The New York Times just did a hatchet job about Trump and women which ended up making the NY Times look far worse than Trump. The Washington Post hired 20 extra reporters to investigate Trump — just as they did not do when Barack Obama was the Democrat nominee.
I recently came across a story the New York Times and Washington Post will never publish. It’s about about Donald Trump and the monument to William Tecumseh Sherman that is, if not hugely revealing of Trump’s character, at least worthy of attention and reflection.
The statue represents General William Tecumseh Sherman on his horse, leading the Northern troops through Georgia. Sherman is being led by the winged goddess of Victory.

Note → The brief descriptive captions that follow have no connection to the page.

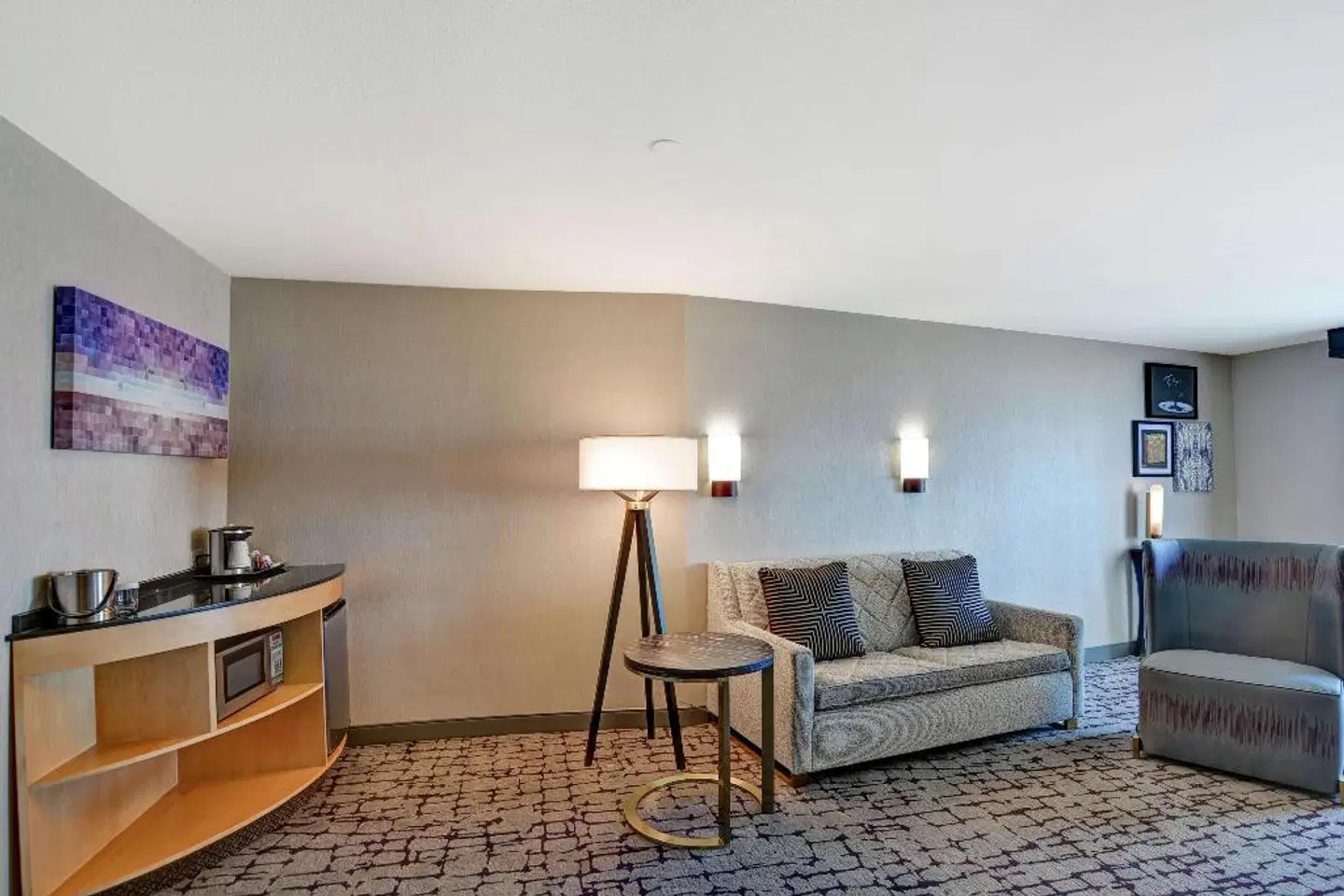 DoubleTree by Hilton Baton Rouge ROOM_EXAMPLE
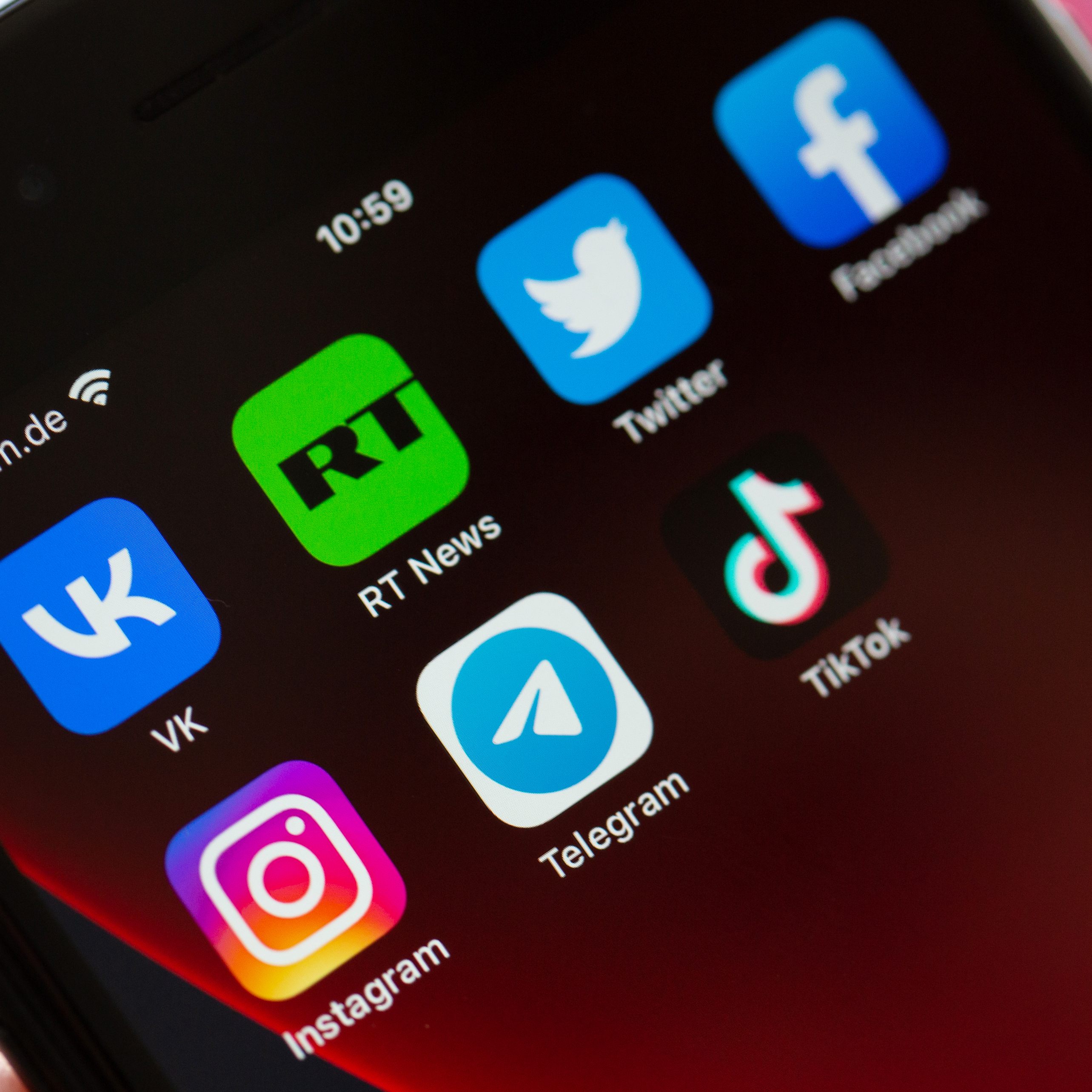 Ukrainische Influencer nutzen TikTok für die Kriegsberichterstattung.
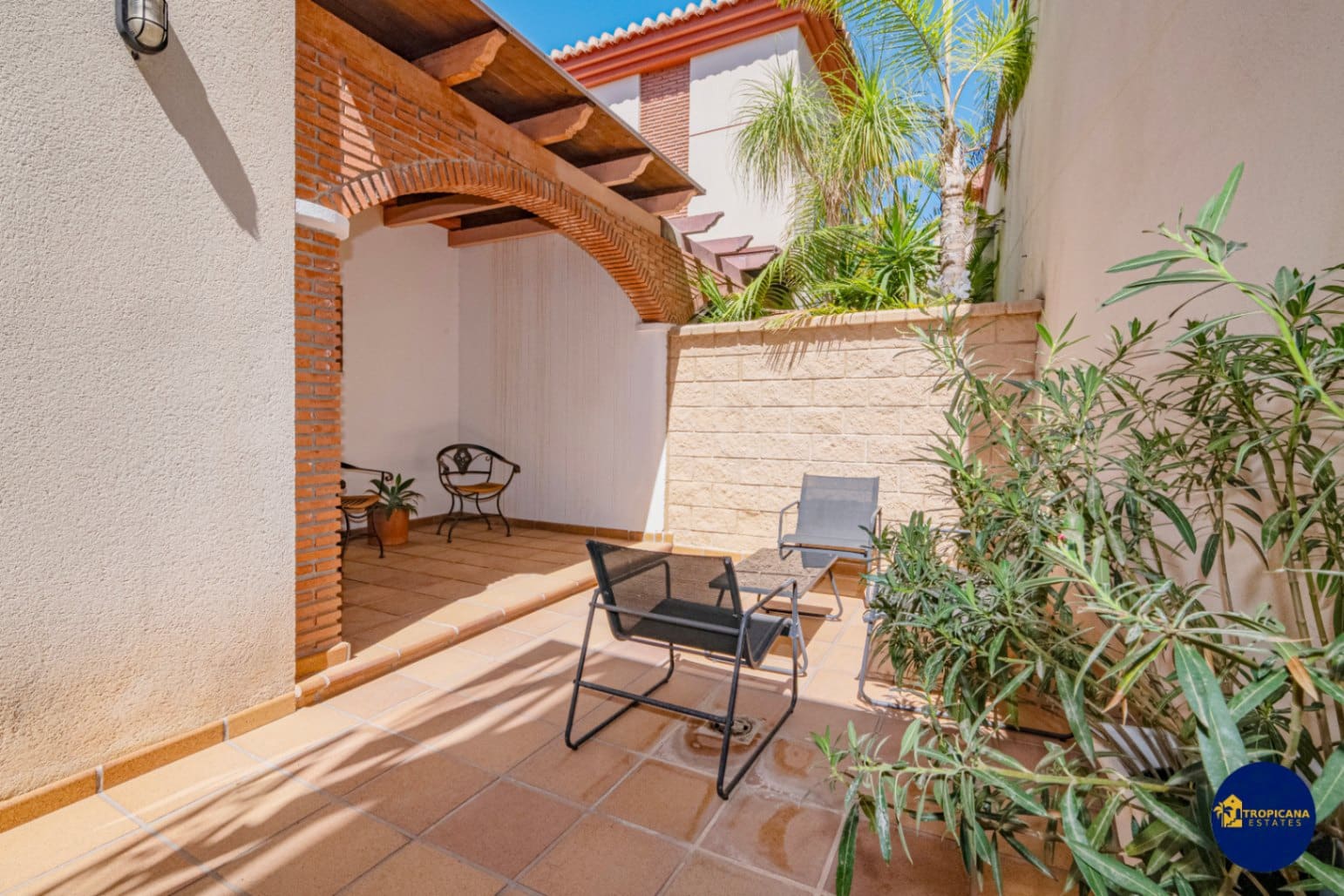 4 bedroom Villa for sale in Almunecar with pool garage - € 720,000 (Ref: 9273045)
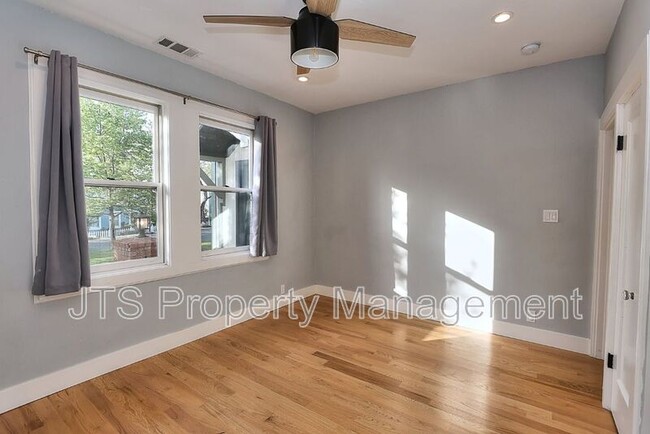 Building Photo - 809 Figueroa St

Writes art historian Robert Hughes:
Gold horse, gold rider, gold goddess. High on a plinth, they stand at the south-east edge of Central Park in New York, just in from the creeping traffic of Fifth Avenue and Fifty-ninth Street. Together, they commemorate the crushing of the Confederacy by the Union, in the Civil War. Americans are slow to put up monuments—the Washington Monument, as we have seen, wasn’t dedicated until Washington himself had been dead for more than eighty years. This one follows the pattern, Created by the sculptor Augustus Saint-Gardens, it was not installed until 1903, nearly forty years after the surrender at Appomattox.
The original Saint-Gauden’s statue was covered in gold leaf, but over the years the original gold leaf application became so unstable that the Sherman Monument turned a sickly mottled bronze covered in pigeon droppings.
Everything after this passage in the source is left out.